The expected output is every line of the data exactly as shown, minus the images.

_Dataset excerpt_.
*** Block opens ***
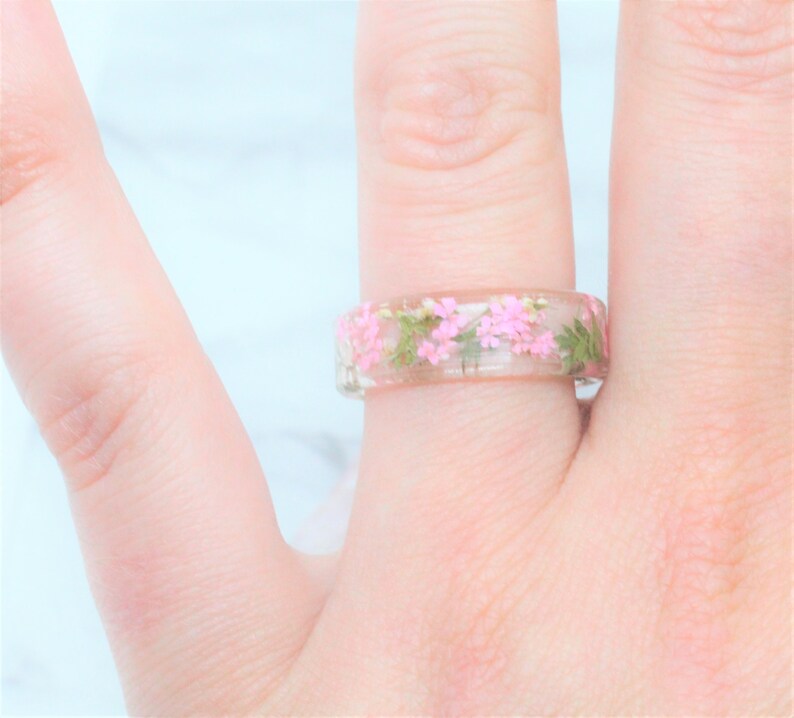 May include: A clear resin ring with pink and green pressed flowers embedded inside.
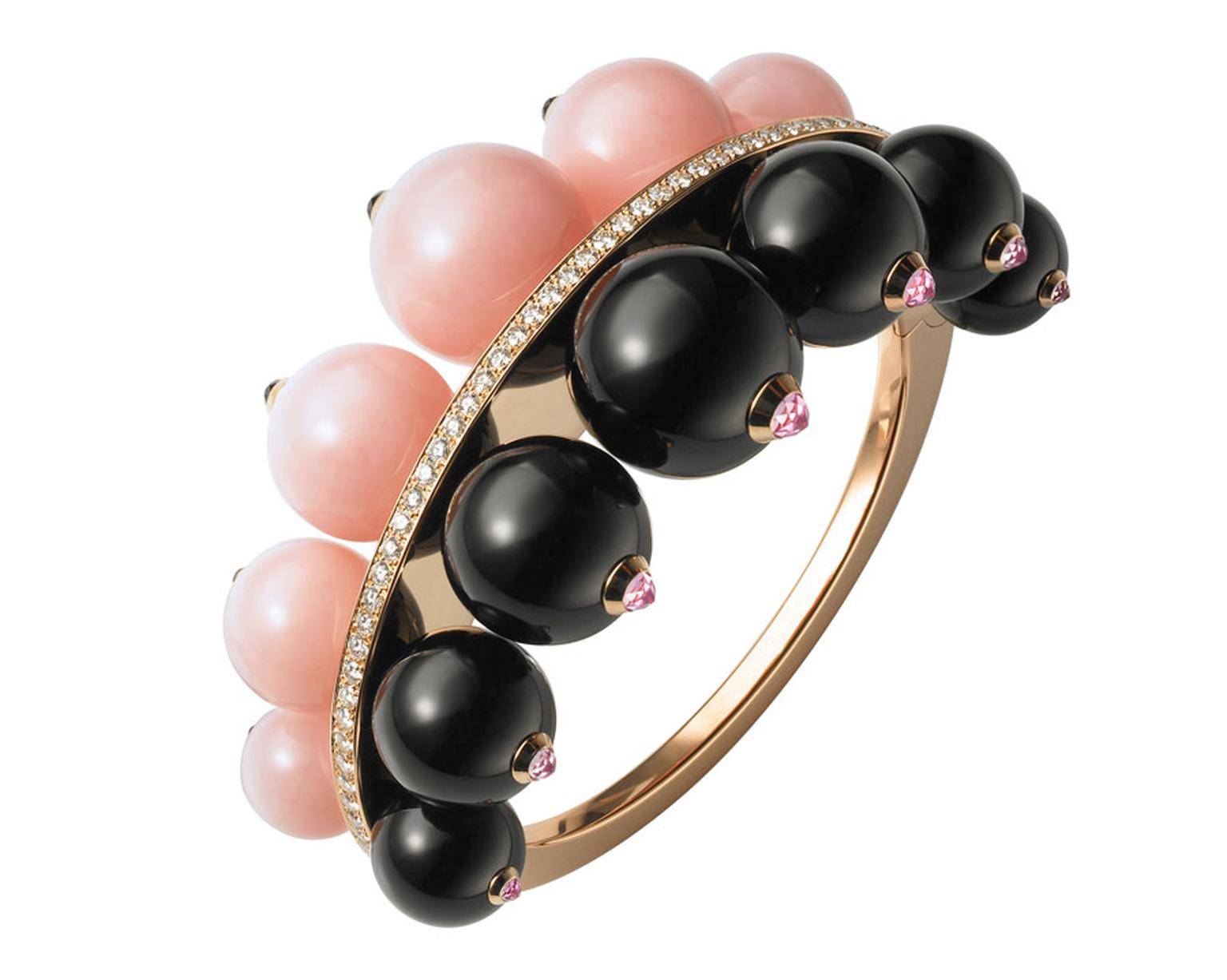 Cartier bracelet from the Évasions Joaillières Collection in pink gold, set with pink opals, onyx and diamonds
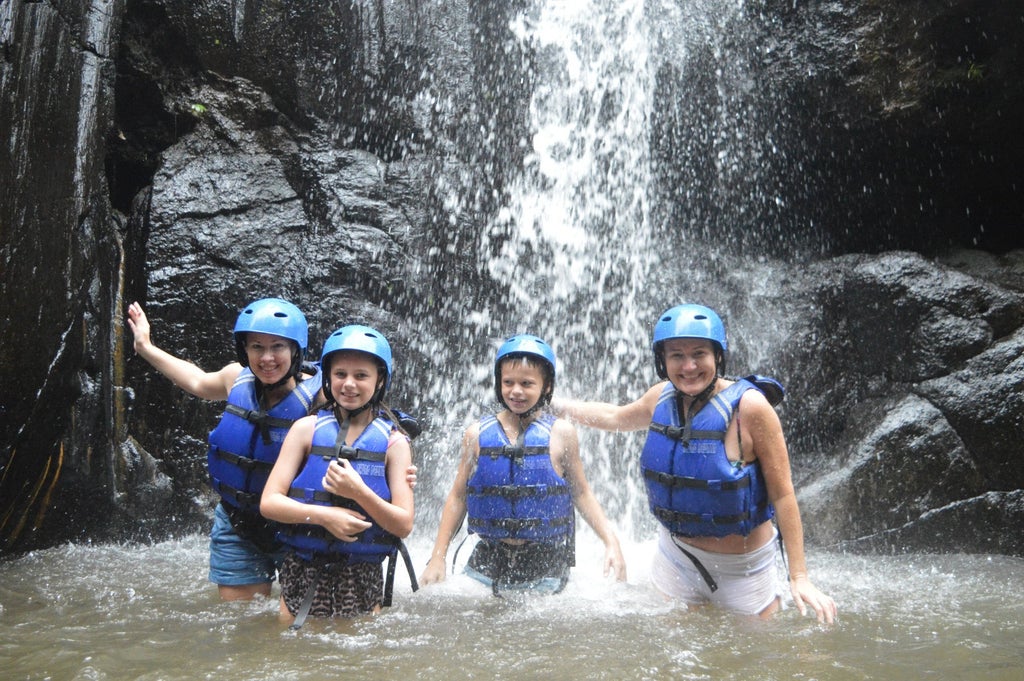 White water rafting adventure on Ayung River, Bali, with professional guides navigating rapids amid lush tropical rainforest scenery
*** Block closes ***
_Your solution_.
 May include: A clear resin ring with pink and green pressed flowers embedded inside.
 Cartier bracelet from the Évasions Joaillières Collection in pink gold, set with pink opals, onyx and diamonds
 White water rafting adventure on Ayung River, Bali, with professional guides navigating rapids amid lush tropical rainforest scenery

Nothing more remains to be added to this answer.